Q1-22A  The purchase method calls for recording the acquirer’s investment in the acquired company at the amount of the total purchase price paid by the acquirer, including associated costs. The difference between this amount and the acquirer’s proportionate share of the fair value of the net identifiable assets is reported as goodwill.

Q1-23A  Under the pooling method, the book values of the assets, liabilities, and equity of the acquired company are carried forward without adjustment to fair value. No goodwill is recorded because the fair value of the Consideration given is not recognized. Consistent with the idea of the owners of the combining companies continuing as owners of the combined company, the retained earnings of both companies are carried forward.

SOLUTIONS TO CASES

C1-1  Reporting Alternatives and International Harmonization

a. In the past, U.S. companies were required to systematically amortize the amount of goodwill recorded, thereby reducing earnings, while companies in other countries were not required to do so. Thus, reported results subsequent to business combinations were often lower than for foreign acquirers that did not amortize goodwill. The FASB changed accounting for goodwill in 2001 to no longer require amortization. Instead, the FASB now requires goodwill to be tested periodically for impairment and written down if impaired. Also, international accounting standards and U.S. standards have become closer in recent years, and authoritative bodies are working to bring standards even closer.

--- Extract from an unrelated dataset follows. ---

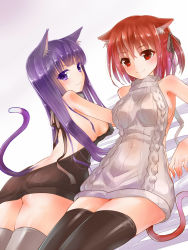 Rule 34 | 2girls, :&gt;, animal ears, arm support, backless dress, backless outfit, black legwear, blush, breasts, cat ears, cat girl, cat tail, closed mouth, dress, dutch angle, grey legwear, hair between eyes, halterneck, kakuno, large breasts, legs together, long hair, looking at viewer, looking back, lying, meme attire, multiple girls, naked sweater, on back, on stomach, original, purple eyes, purple hair, red eyes, red hair, ribbed sweater, short hair, sideboob, smile, sweater, sweater dress, tail, thighhighs, thighs, turtleneck, turtleneck sweater, virgin killer sweater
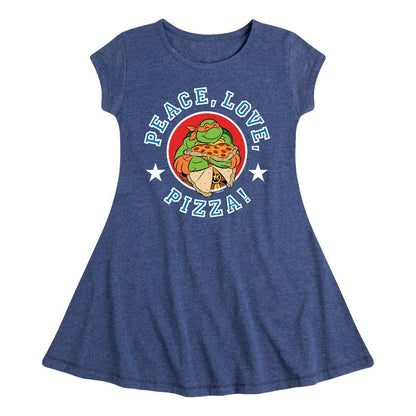 Girls' - Teenage Mutant Ninja Turtles - Peace Love Pizza Fit & Flair Cap Sleeve Dress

b. U.S. companies must be concerned about accounting standards in other countries and about international standards (i.e., those issued by the International Accounting Standards Committee). Companies operate in a global economy today. Not only do they buy and sell products and services in other countries, but they may raise capital and have operations located in other countries. Such companies may have to meet foreign reporting requirements, and these requirements may differ from U.S. reporting standards. In recent years, the acceptance of international accounting standards has become widespread, and international standards are even gaining acceptance in the United States. Thus, many U.S. companies, and not just the largest, may find foreign and international reporting standards relevant if they are going to operate globally.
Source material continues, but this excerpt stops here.